Romanowska o hejcie w "Tańcu z gwiazdami". Komentarze były obrzydliwe
Ela Romanowska jest niewątpliwie jedną z najbardziej rozpoznawalnych gwiazd Polsatu. Aktorka ma jednak świadomość, że nie wszystko, co robi, podoba się widzom. Wyznała jednak, że komentarze, które docierały do niej, gdy występowała w "Tańcu z gwiazdami", były szczególnie dotkliwe.
05.10.2023 | aktual.: 06.10.2023 07:27
Ela Romanowska od lat jest związana z Polsatem. Dziś mierzy się ze sporą krytyką pod kątem jej roli prowadzącej "Nasz nowy dom". Aktorka ma jednak duże doświadczenie, jeśli chodzi o prowadzenie show i konferansjerkę. Do niej np. należy coroczny Festiwal Weselnych Przebojów.
Imprezę prowadzi w parze z Rafałem Maserakiem, z którym notabene poznała się, biorąc udział w "Tańcu z gwiazdami". Już wtedy spadła na nią spora lawina krytyki - właśnie dlatego, że tańczyła z Maserakiem. Tancerzem, który zazwyczaj jest typowany na faworyta sezonu i tancerza, z którym chciałoby tańczyć wiele gwiazd, które decydują się na przygodę z programem.
Dalsza część artykułu pod materiałem wideo
Romanowska ostatnio wróciła wspomnieniami do momentu, w którym występowała w "Tańcu z gwiazdami" i opowiedziała, z jakim hejtem się wówczas mierzyła.
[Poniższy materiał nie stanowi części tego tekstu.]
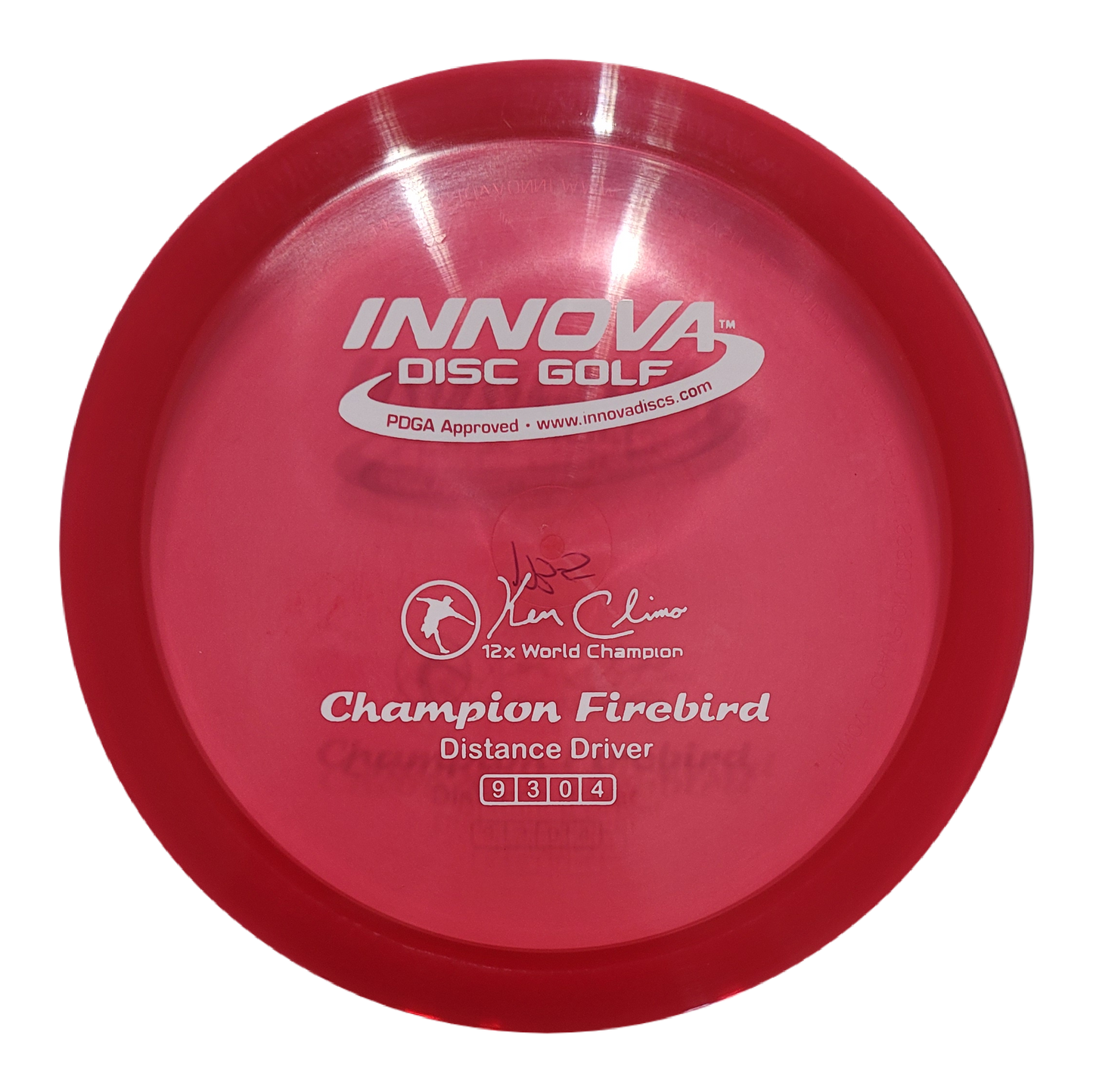 Innova Firebird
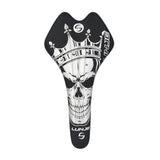 Maxbell Road Bike Saddle Racing Saddle Sport Mountain Bike Soft Cushion Silver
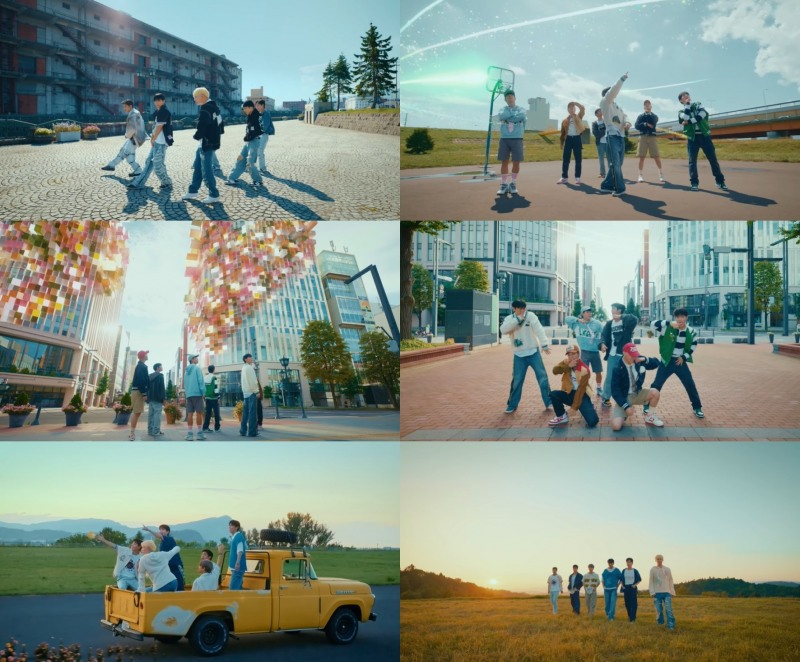 온앤오프, 신곡 '바람이 분다 (Love Effect)' 뮤직비디오 1천만 뷰 돌파…뜨거운 인기 입증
Internauci komentowali wówczas jej zawodowe poczynania, ale także jej wygląd i sylwetkę.
- To było przed pierwszym odcinkiem "Tańca z gwiazdami", w którym wzięłam udział w 2016 r. Ludzie pisali, że Rafał Maserak, z którym tańczyłam, trafi przeze mnie na wózek inwalidzki, albo że jak podskoczę, to zrobię w parkiecie dziurę wielkości Stadionu Narodowego. Ktoś napisał, że gdyby wyglądał tak jak ja, popełniłby samobójstwo - powiedziała w "Vivie!". Wyznała też, jak reagowała na hejterskie komentarze.
- Mam taki charakter, że negatywne komentarze mnie nie deprymują. Wręcz przeciwnie. Mobilizują mnie do jeszcze cięższej pracy. Zrozumiałam, że interesuje mnie tylko konstruktywna krytyka. [...] Nie zależy mi na opinii kogoś, kto z pogardą wyraża się o innych - skwitowała stanowczo.